The above call will read input texts from files, and then perform a default analysis (hierarchical clustering, Classic Delta similarity measure) with 200 most frequent words as stylometric features. By adding additional arguments, one is able to set the linkage method, visualization flavor (or choose to silence the visualizations); one can even use the already existing table of word frequencies without loading the input texts from the files.

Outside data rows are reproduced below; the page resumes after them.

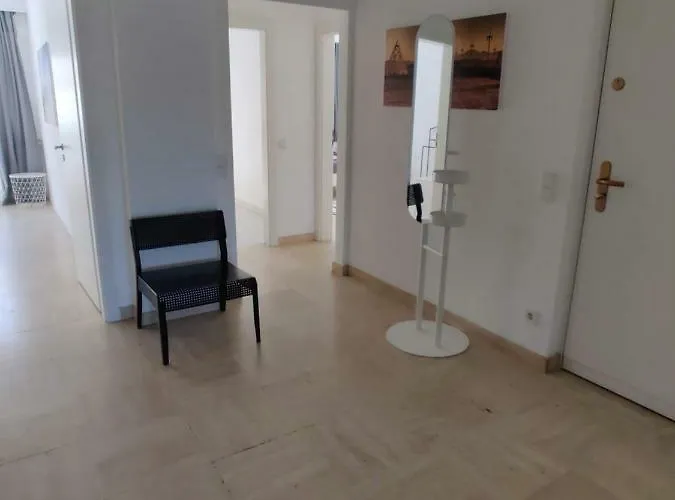 Spacious 2 Bedroom Flat In The Center Of Lux *
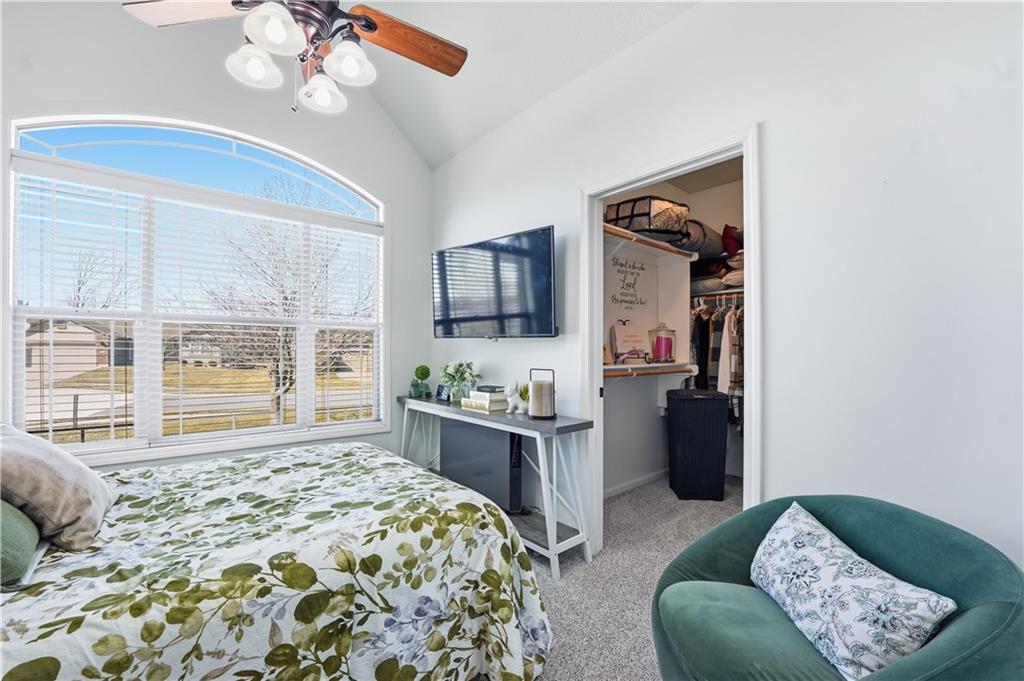 709 Bluestem Court Raymore, MO 64083 - Photo 22 of 40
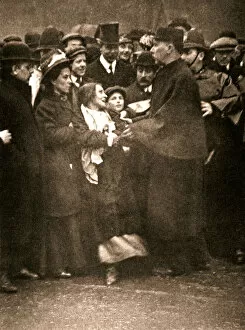Police Officer Collection: The arrest of suffragette Dora Marsden, 30 March 1909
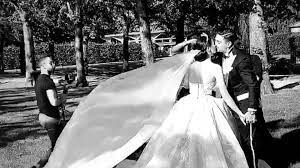 Check spelling or type a new query. Erste Worte Betty Taube Meldet Sich Nach Ihrer Hochzeit Promiflash De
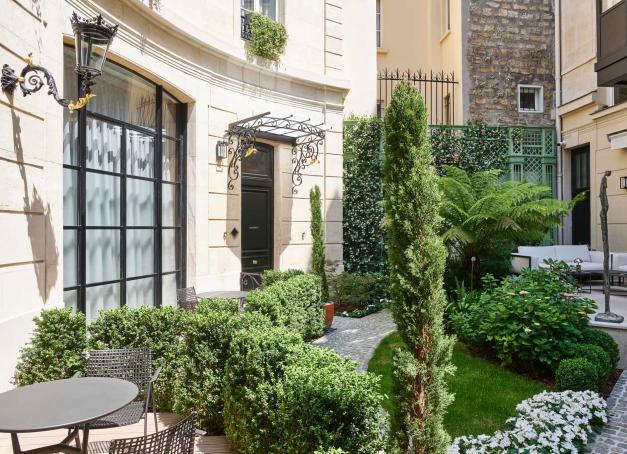 Si vous avez le sentiment d’avoir fait le tour des hôtels parisiens, des 5 étoiles hyper luxe aux hôtels de charme plus intimistes, rendez-vous à Maison Bauchart dès septembre 2025, la nouvelle pépite du groupe Barnes Residences.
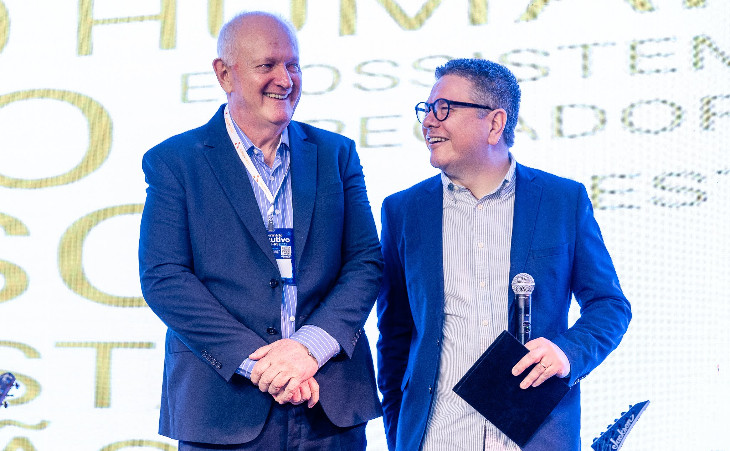 Inácio Fritsch e Henrique Portella durante a Noite de Prêmios da Sucesu-RS.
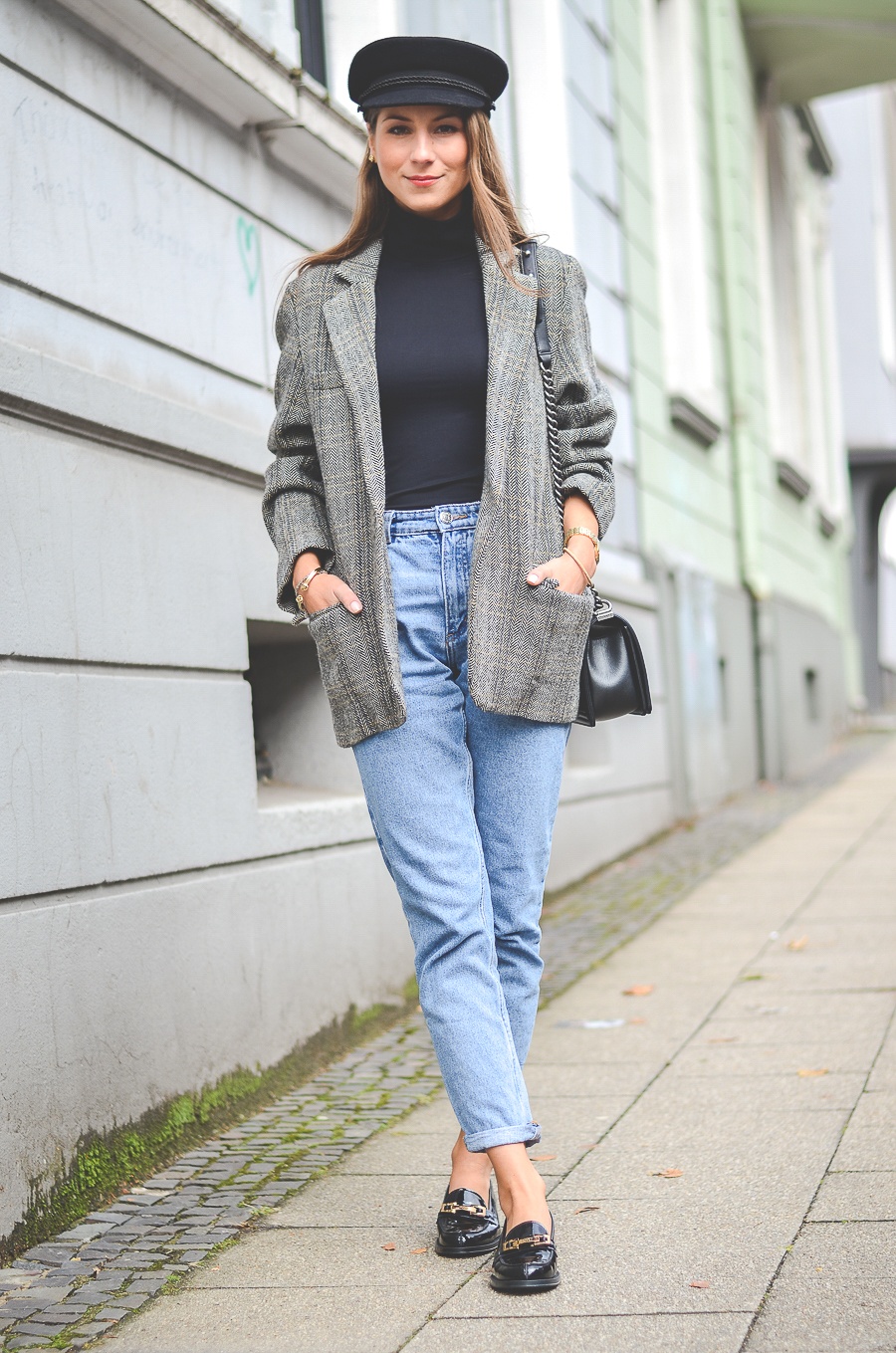 mom jeans loafers blazer outfit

To test the applicability of the function stylo() in batch mode, let’s attack a relatively simple problem which is however very rarely reported in literature. Namely, we will address the question to which extent stylometric distance between two different texts is stable. Certainly, several studies have shown that the final results depend on the choice of the features – the picture for 100 most frequent words is different than that for 1,000 most frequent words – but there is still very little awareness of what it really means, statistically.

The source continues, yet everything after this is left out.